Exercise objective: Nothing but the lines from the one containing "Outdoor Acacia Wood" through the one containing "LouLou de Saison", both included, should be given again, each exactly as written below.

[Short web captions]
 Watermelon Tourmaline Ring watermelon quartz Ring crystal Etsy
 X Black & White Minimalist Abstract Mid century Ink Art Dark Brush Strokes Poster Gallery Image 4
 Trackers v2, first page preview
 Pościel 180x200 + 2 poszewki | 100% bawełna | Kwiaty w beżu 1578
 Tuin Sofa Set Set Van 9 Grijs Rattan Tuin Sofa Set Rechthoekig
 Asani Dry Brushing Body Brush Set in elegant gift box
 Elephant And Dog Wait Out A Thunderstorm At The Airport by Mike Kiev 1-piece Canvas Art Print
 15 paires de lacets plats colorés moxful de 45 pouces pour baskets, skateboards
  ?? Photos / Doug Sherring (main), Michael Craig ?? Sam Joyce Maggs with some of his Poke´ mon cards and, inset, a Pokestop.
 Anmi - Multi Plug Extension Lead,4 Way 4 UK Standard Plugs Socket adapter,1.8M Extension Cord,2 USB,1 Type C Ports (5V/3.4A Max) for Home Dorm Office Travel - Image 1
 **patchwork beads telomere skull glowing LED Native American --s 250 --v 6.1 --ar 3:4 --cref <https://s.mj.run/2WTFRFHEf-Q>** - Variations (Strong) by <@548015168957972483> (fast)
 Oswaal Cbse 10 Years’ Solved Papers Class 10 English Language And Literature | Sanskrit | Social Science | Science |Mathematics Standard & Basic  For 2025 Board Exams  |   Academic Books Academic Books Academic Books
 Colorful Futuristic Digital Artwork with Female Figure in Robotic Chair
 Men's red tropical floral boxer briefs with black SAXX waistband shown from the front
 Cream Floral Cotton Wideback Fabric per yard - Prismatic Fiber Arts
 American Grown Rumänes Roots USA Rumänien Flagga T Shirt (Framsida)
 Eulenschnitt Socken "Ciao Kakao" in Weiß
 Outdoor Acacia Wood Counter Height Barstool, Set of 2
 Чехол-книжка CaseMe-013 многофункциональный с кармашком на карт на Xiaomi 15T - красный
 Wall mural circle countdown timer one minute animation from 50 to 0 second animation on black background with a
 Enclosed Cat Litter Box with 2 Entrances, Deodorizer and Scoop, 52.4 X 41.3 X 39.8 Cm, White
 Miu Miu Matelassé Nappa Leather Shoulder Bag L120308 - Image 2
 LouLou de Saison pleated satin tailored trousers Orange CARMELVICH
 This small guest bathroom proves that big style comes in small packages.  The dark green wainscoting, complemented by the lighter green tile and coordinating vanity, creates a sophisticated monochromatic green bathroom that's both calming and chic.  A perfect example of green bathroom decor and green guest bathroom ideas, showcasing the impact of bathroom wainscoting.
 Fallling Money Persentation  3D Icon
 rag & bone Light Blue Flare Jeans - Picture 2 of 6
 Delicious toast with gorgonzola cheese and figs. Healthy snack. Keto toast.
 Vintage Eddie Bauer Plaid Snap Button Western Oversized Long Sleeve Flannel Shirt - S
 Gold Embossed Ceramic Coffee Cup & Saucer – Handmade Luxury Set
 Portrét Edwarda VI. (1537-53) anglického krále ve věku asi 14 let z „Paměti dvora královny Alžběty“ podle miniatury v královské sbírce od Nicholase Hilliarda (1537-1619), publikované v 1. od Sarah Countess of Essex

Output of the exercise:
 Outdoor Acacia Wood Counter Height Barstool, Set of 2
 Чехол-книжка CaseMe-013 многофункциональный с кармашком на карт на Xiaomi 15T - красный
 Wall mural circle countdown timer one minute animation from 50 to 0 second animation on black background with a
 Enclosed Cat Litter Box with 2 Entrances, Deodorizer and Scoop, 52.4 X 41.3 X 39.8 Cm, White
 Miu Miu Matelassé Nappa Leather Shoulder Bag L120308 - Image 2
 LouLou de Saison pleated satin tailored trousers Orange CARMELVICH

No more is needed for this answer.